YOUR GOAL:
The answer must be a single number, namely how many lines in the entries below contain the string "live".

═════ INFORMATION GIVEN

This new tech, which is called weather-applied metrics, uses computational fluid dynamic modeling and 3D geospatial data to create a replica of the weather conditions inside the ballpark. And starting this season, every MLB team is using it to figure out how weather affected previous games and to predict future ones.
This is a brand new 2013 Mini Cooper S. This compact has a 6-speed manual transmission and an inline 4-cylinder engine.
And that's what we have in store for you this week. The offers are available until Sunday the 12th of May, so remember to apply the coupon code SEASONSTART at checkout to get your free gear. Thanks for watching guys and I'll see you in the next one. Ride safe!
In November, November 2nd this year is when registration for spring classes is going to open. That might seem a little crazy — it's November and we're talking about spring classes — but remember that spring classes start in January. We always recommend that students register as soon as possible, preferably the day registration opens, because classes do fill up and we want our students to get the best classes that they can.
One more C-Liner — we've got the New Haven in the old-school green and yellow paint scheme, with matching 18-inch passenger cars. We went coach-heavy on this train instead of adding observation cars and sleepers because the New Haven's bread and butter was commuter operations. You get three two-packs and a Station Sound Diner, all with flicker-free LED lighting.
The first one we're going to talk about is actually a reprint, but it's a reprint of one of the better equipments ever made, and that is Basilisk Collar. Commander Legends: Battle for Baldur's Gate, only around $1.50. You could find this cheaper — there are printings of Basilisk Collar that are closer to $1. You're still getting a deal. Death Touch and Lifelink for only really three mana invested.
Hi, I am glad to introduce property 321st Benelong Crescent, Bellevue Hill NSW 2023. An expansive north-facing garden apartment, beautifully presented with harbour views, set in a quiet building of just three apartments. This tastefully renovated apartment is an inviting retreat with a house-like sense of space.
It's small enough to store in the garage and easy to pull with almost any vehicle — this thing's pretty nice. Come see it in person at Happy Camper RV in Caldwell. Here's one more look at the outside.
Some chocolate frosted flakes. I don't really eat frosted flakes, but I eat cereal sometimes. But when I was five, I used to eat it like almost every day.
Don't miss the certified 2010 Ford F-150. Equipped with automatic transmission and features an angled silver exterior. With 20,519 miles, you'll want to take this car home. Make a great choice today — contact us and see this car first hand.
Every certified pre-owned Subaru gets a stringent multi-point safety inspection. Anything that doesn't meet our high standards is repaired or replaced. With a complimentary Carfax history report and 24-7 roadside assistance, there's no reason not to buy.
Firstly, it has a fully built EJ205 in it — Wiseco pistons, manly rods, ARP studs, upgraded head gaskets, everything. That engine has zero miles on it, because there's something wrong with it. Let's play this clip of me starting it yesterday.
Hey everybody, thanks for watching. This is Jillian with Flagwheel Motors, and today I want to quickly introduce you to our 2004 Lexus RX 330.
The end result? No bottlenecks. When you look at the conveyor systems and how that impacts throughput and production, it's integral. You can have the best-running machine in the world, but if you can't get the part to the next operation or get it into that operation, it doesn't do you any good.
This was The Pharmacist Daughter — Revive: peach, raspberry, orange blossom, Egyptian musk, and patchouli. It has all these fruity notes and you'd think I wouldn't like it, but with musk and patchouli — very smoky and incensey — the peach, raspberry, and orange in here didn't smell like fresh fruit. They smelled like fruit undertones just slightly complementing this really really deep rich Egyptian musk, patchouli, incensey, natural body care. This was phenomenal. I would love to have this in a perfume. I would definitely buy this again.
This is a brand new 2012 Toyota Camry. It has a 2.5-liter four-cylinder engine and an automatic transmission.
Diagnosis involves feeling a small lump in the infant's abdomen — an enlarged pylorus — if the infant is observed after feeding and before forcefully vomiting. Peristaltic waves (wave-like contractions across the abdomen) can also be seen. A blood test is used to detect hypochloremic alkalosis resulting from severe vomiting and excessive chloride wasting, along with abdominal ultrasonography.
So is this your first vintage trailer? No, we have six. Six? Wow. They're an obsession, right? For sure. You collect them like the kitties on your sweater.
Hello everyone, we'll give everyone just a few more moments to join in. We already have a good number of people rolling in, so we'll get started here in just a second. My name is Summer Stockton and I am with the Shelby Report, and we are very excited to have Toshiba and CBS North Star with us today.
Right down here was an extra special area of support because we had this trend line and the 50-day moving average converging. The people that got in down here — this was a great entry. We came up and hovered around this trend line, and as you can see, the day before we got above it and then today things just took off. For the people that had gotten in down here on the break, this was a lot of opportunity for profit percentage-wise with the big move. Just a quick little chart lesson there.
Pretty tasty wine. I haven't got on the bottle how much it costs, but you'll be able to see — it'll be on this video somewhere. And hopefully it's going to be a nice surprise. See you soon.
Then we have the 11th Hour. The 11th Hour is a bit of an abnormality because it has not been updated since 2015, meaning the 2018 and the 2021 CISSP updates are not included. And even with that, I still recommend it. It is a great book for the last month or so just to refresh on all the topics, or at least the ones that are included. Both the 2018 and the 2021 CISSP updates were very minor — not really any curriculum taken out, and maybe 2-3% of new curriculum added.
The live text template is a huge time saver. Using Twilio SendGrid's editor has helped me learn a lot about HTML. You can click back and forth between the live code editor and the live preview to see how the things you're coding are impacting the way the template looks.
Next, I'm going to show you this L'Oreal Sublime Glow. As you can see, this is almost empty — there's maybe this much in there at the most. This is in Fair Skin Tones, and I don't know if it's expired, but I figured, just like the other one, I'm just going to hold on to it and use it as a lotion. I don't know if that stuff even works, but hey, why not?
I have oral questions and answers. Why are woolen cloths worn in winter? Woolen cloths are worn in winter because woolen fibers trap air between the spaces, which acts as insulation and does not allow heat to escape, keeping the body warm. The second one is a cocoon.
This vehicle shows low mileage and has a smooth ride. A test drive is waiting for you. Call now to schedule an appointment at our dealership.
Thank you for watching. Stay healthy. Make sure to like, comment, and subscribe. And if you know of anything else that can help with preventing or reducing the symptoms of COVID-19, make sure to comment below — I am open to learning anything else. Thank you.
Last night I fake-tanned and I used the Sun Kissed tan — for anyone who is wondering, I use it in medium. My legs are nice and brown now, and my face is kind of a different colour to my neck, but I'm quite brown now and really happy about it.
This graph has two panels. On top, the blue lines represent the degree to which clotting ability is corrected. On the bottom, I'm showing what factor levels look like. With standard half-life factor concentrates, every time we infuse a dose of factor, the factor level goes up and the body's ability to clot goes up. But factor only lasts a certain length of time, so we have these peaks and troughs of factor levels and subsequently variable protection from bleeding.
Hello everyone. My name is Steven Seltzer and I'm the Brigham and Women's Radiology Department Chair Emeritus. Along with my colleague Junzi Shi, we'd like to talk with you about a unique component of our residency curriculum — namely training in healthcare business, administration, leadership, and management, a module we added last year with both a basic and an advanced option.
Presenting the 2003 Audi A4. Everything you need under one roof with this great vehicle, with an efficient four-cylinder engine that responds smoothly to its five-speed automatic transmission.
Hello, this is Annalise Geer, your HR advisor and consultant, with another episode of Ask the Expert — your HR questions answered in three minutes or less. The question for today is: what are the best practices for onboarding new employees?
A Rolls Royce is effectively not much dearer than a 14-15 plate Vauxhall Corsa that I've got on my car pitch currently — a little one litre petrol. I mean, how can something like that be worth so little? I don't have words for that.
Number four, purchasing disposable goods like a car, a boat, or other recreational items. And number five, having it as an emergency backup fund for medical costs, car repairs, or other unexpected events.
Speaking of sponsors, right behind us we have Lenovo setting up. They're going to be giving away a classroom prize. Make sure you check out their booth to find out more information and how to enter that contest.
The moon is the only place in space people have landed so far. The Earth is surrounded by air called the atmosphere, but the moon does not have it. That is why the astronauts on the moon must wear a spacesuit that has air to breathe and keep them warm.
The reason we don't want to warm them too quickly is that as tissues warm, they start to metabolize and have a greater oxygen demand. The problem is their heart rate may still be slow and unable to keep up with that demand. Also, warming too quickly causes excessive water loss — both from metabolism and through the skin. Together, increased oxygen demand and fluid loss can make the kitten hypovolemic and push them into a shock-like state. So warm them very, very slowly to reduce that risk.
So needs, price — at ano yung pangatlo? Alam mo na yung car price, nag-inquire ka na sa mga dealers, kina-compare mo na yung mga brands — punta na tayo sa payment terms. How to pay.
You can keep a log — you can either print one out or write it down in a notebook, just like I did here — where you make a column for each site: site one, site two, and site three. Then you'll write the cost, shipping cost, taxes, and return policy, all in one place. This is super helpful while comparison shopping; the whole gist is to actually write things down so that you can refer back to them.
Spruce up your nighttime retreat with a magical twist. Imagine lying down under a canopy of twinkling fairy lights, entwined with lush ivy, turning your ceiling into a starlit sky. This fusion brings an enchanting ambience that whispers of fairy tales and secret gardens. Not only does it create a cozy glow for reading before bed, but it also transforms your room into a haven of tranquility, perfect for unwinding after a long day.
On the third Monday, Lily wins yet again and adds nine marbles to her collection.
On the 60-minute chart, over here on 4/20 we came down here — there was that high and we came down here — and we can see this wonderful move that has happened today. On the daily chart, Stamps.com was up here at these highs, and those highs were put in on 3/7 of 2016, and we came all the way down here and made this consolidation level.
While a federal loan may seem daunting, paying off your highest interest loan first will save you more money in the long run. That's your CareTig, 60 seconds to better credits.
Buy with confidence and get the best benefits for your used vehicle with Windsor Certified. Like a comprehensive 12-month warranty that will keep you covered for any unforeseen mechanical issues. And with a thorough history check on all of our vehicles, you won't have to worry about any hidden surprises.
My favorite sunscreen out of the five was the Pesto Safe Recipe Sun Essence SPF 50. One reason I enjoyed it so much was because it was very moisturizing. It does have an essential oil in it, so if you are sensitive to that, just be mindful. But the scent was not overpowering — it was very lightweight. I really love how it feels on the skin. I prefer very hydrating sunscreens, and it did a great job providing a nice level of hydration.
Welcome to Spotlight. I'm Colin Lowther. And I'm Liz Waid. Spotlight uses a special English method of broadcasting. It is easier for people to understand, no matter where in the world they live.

══════════

RESPONSE TO THE EXERCISE:
2